She is scheduled to arrive at the Jomo Kenyatta International Airport at 8am, and from there travel to the city centre for meetings with President Mwai Kibaki, Prime Minister Raila Odinga and Chief Justice Willy Mutunga.
She will also hold talks with top Independent Electoral Commission officials led by Chairman Isaack Hassan at the InterContinental hotel from 1pm.
“The Secretary will meet President Kibaki, Prime Minister Odinga, and other government officials to emphasise her support for transparent, credible, non-violent national elections in 2013,” US State Department spokeswoman Victoria Nuland said.
Clinton arrived in South Sudan’s capital Juba on Friday, becoming the highest-ranking US official to visit the world’s newest nation, which split from former civil war foe Sudan last year.
She is due to meet President Salva Kiir and Foreign Minister Nhial Deng Nhial on the three-hour long trip, where she’s expected to highlight Washington’s concern over the bitter dispute between Juba and Khartoum.
Arriving in the steamy heat of the ramshackle Juba – a rapidly growing city largely made up of simple tin-roof huts strung out alongside the White Nile River – the top US diplomat headed to the presidency to meet with Kiir.

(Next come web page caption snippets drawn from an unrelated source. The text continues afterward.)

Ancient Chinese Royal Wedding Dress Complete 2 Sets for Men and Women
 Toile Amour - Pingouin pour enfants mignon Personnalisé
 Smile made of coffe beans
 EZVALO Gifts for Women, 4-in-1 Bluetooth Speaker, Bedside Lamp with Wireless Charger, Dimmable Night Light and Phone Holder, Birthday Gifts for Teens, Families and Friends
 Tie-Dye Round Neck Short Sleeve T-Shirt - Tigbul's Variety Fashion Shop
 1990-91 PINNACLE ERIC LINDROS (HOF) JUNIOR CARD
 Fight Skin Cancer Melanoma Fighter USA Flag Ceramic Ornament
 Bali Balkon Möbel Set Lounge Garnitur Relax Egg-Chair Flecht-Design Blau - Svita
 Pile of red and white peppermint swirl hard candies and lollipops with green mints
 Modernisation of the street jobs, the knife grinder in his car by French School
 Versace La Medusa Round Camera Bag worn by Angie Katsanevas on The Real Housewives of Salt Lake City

Juba’s government has yet to agree on a raft of issues with the rump state of Sudan such as border demarcation and contested areas in oil-rich regions, which were left unresolved after they split in July 2011.
The UN Security Council gave the two countries until August 2 to reach a deal or face sanctions, after they came close to a return to all-out war earlier this year. That deadline elapsed yesterday.
While showing continued support to South Sudan, Clinton “will express our continued concern about the lack of movement in the resolution of the key issues that divide the two countries,” said the statement.
Clinton’s 11-day, seven nation Africa tour is focused on the Obama administration’s new Africa strategy of promoting development by stimulating economic growth while advancing peace and security and strengthening democracy.
Earlier this year, Clinton pledged US backing for democratic and economic development in North Africa as she toured the region that gave birth to the Arab Spring.